For the test result,

I notice that i2s_read block time is short. In the normal case, the block time should always be around 'recv_time' that mentioned above, that means the received data are taken from message queue immediately, the queue is always empty, i2s_read has to keep waiting for the data from message queue until the receive buffer is filled up. So no data will be dropped, and the 'recv_time' is equal to 'i2s_read' block time. But when the i2s_read block time is short, it means the message queue is always full, so that i2s_read can get data immediately from message queue without any block. Since the data in message queue can't be taken timely, the old data will be dropped to input new data, then you can see the data lost.

I see your wave looks much better after allocating a bigger receive buffer, my suggestion is keeping increase the receive buffer, a big buffer should always help.

[shailesh.korat]

Dear L-KAYA,

Thank you for giving nice explanation.

Few question regarding i2s APIs function call.

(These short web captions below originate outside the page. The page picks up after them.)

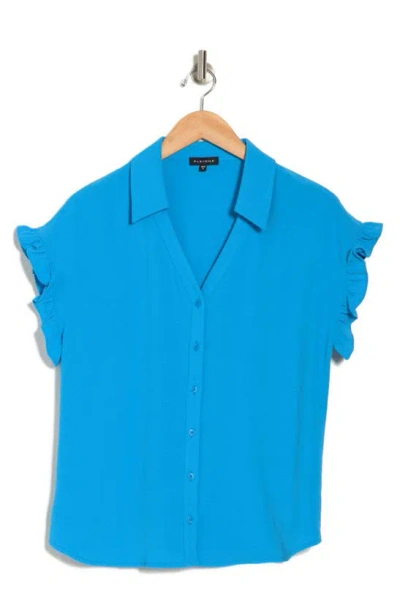 Pleione Crinkle Button-up Shirt In Aquamarine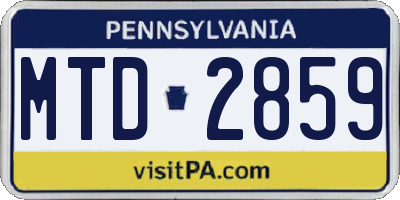 PA license plate MTD2859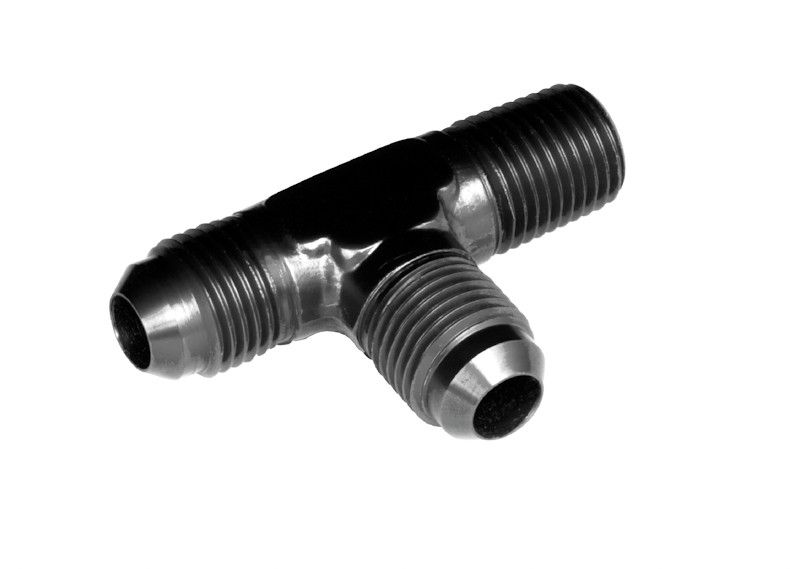 -06 AN Tee with 1/4" NPT Male on the Run, Black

1) what is the meaning of dma_buf_count = 8 which are passing during driver_install call?
Does it mean that DMA will create message queue ( size 8 buffer) of dma_buf_len to read data from i2s ?

2)You said that i2s_read block time is short, it means the message queue is always full, However I could not see any buffer overflow with following method. It should print right?

Code: Select all

static void i2s_event(void *args)
{
    i2s_event_t evt;
    uint32_t cnt = 0;
    while (!record_finish) {
        xQueueReceive(evt_que, &evt, portMAX_DELAY);
        if (evt.type == I2S_EVENT_RX_Q_OVF) {
            ESP_LOGW(TAG,"[%d] i2s queue overflow, data dropped", cnt++);
        }
    }
    vTaskDelete(NULL);
}

3) You said allocating a bigger receive buffer should always help. Is this kind of limitation from ESP IDF that I need to keep bigger buffer?

4) i2s_driver_installcall already started DMA , reading data from I2S and storing into DMA message queue,if I will use i2s_read call sometime after it means the message queue is always full, so that i2s_read can get data immediately from message queue without any block. Since the data in message queue can't be taken timely, the old data will be dropped to input new data? Am I understand correctly?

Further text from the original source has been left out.